• [Description of the task]:
Leave the pictures out. Retype exactly the lines below from the one containing "Used 2023 Nissan Ariya AWD image 3" through the one containing "Untuk kedua kalinya", and no others.

--------

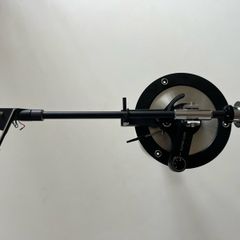 Lightweight ADC ALT-1 tonearm with carbon head-shell, high quality low-mass arm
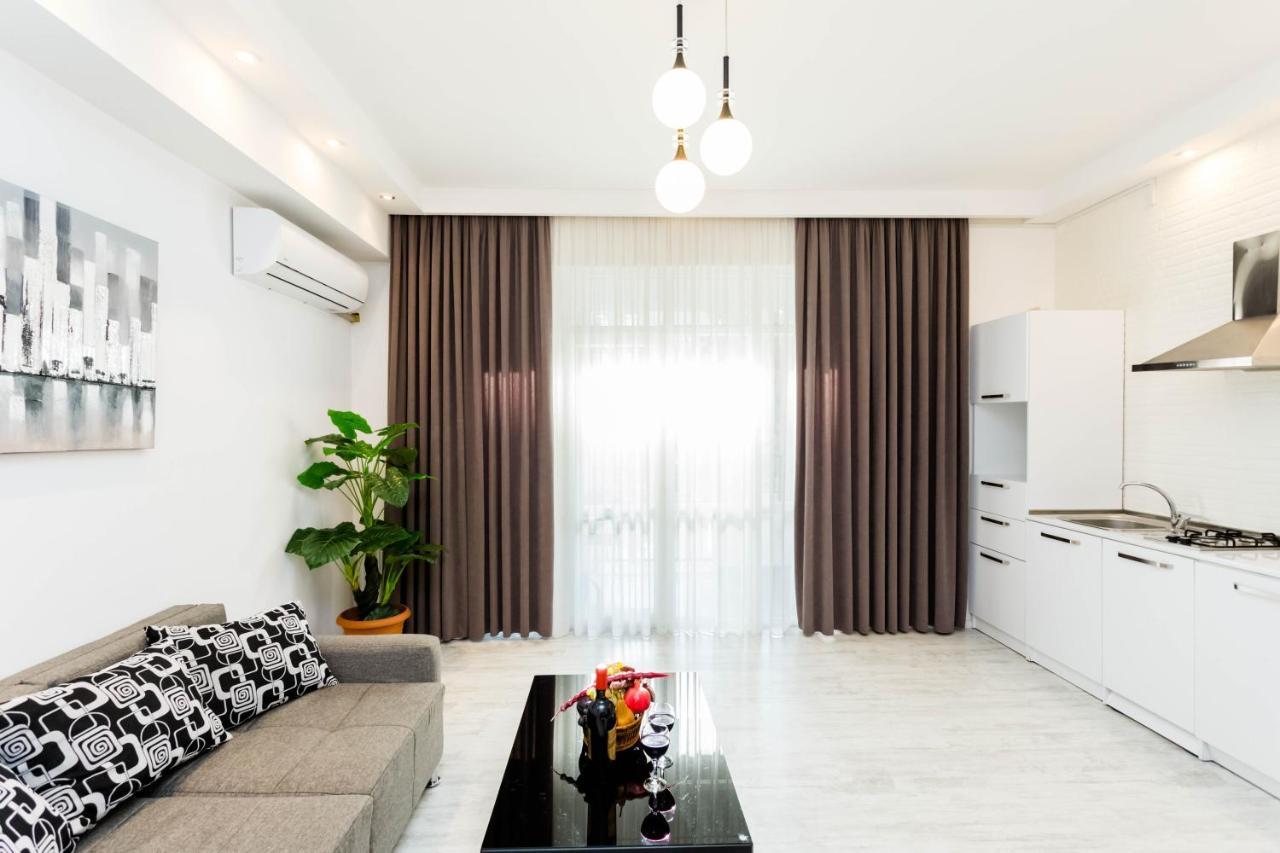 Lovely 2 Bedroom Flat Tbilisi Bagian luar foto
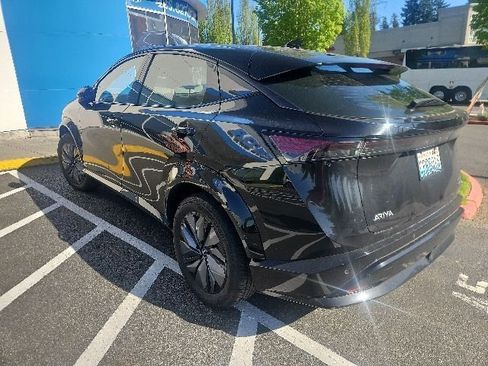 Used 2023 Nissan Ariya AWD image 3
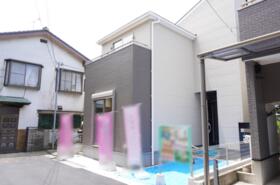 埼玉県越谷市赤山町２丁目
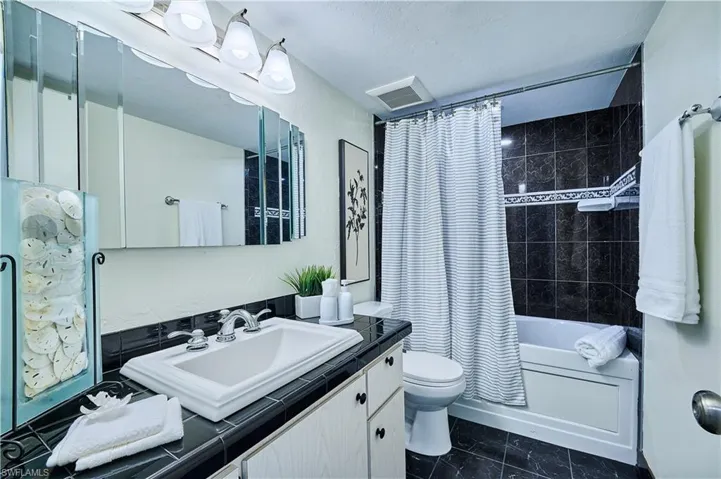 3420 Frosty Way 4902, Naples, Florida 34112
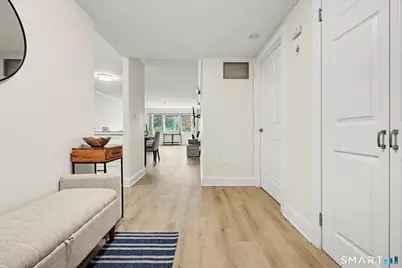 1633 Washington Boulevard #3F, Stamford, CT 06902 - Photo 2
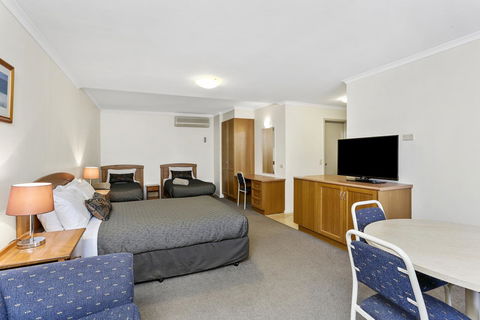 Comfort Inn Warrnambool International - Travel Agents 32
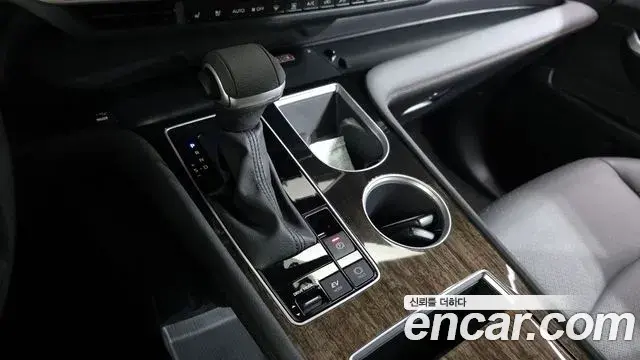 Toyota Sienna 2025 — Photo 9/20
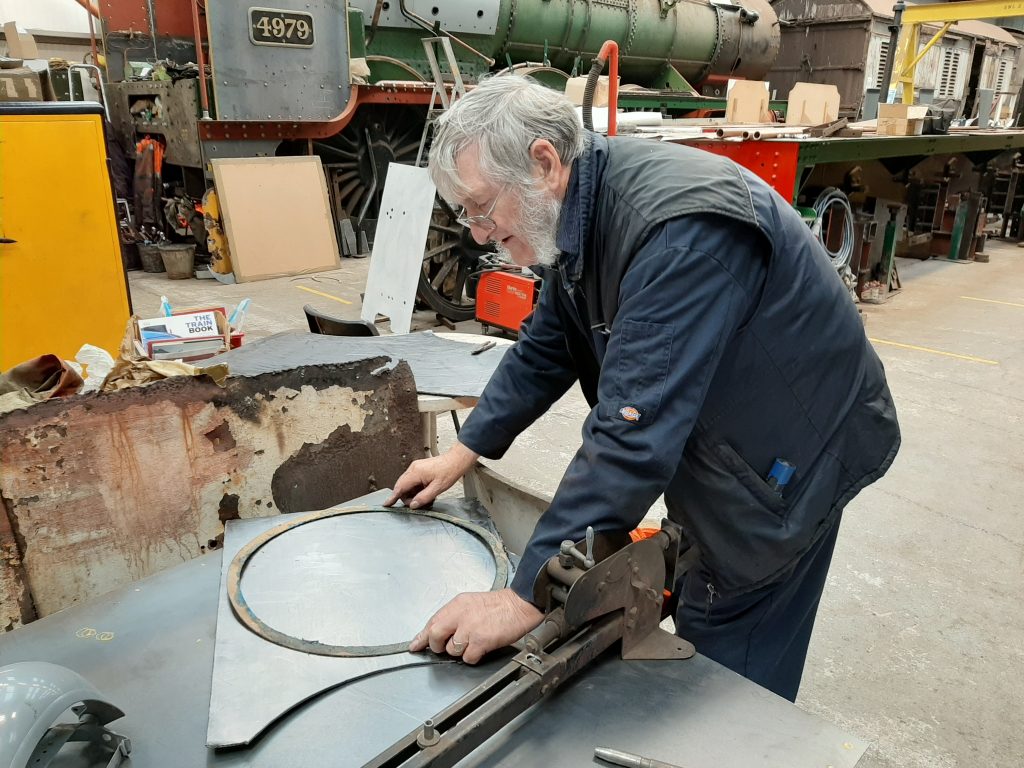 Alan preparing a new joint ring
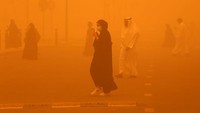 Untuk kedua kalinya di bulan ini, Bandara Internasional Kuwait menangguhkan semua penerbangan karena debu.   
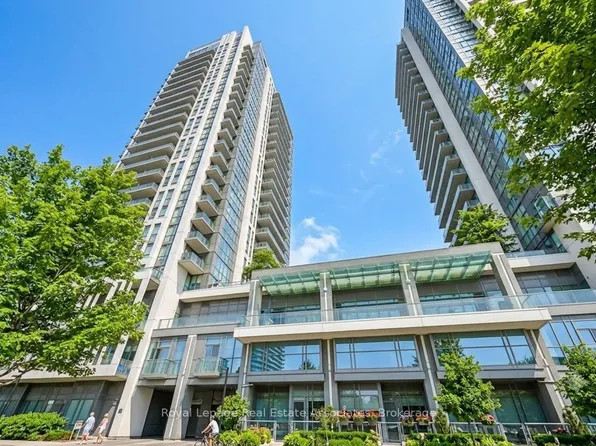 15 Zorra St #209, Toronto, ON M8Z 0C1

--------

• [Response]:
 Used 2023 Nissan Ariya AWD image 3
 埼玉県越谷市赤山町２丁目
 3420 Frosty Way 4902, Naples, Florida 34112
 1633 Washington Boulevard #3F, Stamford, CT 06902 - Photo 2
 Comfort Inn Warrnambool International - Travel Agents 32
 Toyota Sienna 2025 — Photo 9/20
 Alan preparing a new joint ring
 Untuk kedua kalinya di bulan ini, Bandara Internasional Kuwait menangguhkan semua penerbangan karena debu.   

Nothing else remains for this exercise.